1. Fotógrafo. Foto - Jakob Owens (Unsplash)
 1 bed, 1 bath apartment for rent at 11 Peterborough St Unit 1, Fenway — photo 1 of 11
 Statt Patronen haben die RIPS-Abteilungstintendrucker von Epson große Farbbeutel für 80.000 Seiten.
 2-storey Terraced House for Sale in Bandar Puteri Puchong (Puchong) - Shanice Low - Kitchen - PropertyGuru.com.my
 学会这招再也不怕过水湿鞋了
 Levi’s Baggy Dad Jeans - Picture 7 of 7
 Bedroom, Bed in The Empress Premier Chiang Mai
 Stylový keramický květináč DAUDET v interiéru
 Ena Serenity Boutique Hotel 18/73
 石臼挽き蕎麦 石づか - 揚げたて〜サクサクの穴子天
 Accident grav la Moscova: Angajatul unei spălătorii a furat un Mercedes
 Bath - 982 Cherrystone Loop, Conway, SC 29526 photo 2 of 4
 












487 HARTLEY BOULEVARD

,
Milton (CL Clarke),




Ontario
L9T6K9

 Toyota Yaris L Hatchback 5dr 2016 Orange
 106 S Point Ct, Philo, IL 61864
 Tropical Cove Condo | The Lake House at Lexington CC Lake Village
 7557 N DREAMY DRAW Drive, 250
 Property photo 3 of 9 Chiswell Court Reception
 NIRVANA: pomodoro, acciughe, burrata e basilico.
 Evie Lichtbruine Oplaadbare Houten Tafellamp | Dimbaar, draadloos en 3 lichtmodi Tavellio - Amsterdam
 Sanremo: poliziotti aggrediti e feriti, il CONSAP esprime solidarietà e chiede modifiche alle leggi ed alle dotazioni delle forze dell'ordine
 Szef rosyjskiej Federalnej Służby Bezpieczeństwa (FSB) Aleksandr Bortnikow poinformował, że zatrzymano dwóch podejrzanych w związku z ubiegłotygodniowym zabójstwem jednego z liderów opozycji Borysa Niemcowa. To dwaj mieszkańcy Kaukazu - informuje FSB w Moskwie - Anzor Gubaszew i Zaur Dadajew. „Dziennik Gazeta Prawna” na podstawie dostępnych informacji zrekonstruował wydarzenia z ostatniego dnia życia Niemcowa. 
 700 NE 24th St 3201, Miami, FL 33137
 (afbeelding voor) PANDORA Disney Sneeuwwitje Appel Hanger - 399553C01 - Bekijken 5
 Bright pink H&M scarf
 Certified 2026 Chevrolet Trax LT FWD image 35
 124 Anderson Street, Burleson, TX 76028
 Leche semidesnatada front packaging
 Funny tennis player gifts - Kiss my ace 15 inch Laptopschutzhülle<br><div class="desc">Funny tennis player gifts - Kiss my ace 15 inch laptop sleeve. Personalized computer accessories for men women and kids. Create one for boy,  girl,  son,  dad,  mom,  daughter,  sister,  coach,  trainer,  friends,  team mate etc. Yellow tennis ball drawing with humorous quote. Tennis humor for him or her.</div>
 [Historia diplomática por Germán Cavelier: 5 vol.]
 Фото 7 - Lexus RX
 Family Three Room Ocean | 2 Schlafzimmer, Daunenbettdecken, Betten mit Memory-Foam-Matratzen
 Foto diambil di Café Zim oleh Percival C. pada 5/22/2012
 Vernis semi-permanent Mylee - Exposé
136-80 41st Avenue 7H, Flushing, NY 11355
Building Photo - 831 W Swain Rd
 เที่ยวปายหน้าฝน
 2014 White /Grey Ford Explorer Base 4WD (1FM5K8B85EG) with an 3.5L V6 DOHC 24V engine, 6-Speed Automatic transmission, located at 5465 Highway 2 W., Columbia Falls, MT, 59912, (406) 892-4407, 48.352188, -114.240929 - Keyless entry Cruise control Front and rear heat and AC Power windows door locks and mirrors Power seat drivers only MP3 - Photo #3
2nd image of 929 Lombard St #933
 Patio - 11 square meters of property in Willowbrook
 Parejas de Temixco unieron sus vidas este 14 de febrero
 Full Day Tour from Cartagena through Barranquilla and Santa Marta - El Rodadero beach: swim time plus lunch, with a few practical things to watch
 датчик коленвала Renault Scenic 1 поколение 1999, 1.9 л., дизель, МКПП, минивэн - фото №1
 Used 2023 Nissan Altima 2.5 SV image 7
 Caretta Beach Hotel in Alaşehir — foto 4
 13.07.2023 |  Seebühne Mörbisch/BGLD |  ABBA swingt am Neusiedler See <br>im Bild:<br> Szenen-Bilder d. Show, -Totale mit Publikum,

## What is expected
Wherever a line in the data above holds "House", copy that line.

## Written reply
 2-storey Terraced House for Sale in Bandar Puteri Puchong (Puchong) - Shanice Low - Kitchen - PropertyGuru.com.my
 Tropical Cove Condo | The Lake House at Lexington CC Lake Village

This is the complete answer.